2) Inst. Nacional de Tecnologia - Rio de Janeiro

The use of ethanol blended with gasoline lowers the amount of olefins, complex hydrocarbons and SO₂ on the exhaust systems of automobiles. However, it increases the amount of aldehydes and alcohol emitted to the atmosphere. These products may be harmful to the environment and it is necessary to use adequate catalysts.

The automotive three-way catalysts have in their basic formulations noble metals (rhodium, platinum or palladium) dispersed over wash coated g -Al₂O₃ and are used to control NO_x , CO and hydrocarbon emissions. However, the effect of oxigenated organic compounds on the catalytic activity of Pd-Mo catalysts for reduction of NO by CO has not been studied.

This work investigates the adsorption properties of ethanol and acetaldehyde through Temperature Programmed Desorption (TPD) and Oxidation (TPO) technique on 1%Pd/Al₂O₃, 8%Mo/Al₂O₃ and 1%Pd-8%Mo/Al₂O₃ catalysts.

TPD results of ethanol adsorption on alumina showed great formation of ethylene around 550 K. This high selectivity towards dehydration of ethanol may be attributed to the presence of strong acid sites. The addition of Pd changed the reaction pathway decreasing dehydration and the increasing dehydrogenation of ethanol, evidenced by a peak of acetaldehyde at 530 K. The presence of Pd also favored the decomposition of ethanol with formation of CO, CH₄ and H₂ at 495 K.

For the catalysts containing Mo, TPD results showed a further reduction in the formation of ethylene, which suggests that the molybdenum layer covered great part of the surface of the support.
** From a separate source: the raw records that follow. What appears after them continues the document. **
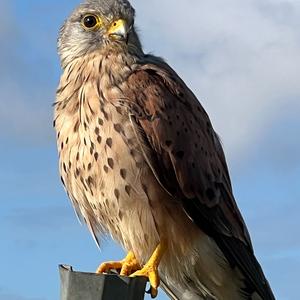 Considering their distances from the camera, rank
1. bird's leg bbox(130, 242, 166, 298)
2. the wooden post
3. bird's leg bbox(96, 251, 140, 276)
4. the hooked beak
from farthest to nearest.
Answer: the hooked beak < bird's leg bbox(96, 251, 140, 276) < bird's leg bbox(130, 242, 166, 298) < the wooden post

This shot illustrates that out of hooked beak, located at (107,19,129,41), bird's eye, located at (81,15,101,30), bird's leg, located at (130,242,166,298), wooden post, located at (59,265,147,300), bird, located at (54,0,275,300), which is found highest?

Another feature of the addition of Mo is the presence of two peaks of acetaldehyde around 473 and 520 K, which suggests that molybdenum oxide is active for the oxidative dehydrogenation of ethanol.

TPD results of acetaldehyde adsorption on alumina showed that part of it desorbed at low temperature (around 380 K) while part remained on the surface and decomposed at higher temperatures (between 773 and 823 K), as evidenced by the peaks of CH₄, CO and H₂ at 813 K. A peak of CO₂ was also seen at around 803 K. This may be due to the reaction of acetaldehyde with surface hydroxyls. This result is consistent with the explanation given for the desorption of CO, CO₂ and H₂, at high temperature during TPD of ethanol on the catalysts that were active for the dehydrogenation of ethanol. Since alumina alone was not active for this reaction, no acetaldehyde remained adsorbed and, consequentially, the formation of CO, CO₂, CH₄ and H₂ at higher temperature was not observed.

TPO of adsorbed ethanol on alumina was very similar to TPD results since alumina is no a good oxidation catalyst. This was also observed for the 8Mo/Al₂O₃ sample, at lower temperatures. For the Pd/Al₂O₃ catalyst, there was great formation of CO₂ in two peaks (376 and 627 K). The first peak is due to oxidation of ethanol and the second peak is probably due to the oxidation of an intermediate compound that remained adsorbed. The addition of Mo favored CO₂ formation at lower temperature.

The results of TPO of adsorbed acetaldehyde were very similar to the results obtained for TPO of adsorbed ethanol. Once again, the Pd/Al₂O₃ catalysts showed great formation of CO₂ in two peak and the addition of Mo increased the selectivity for CO₂ formation at lower temperature.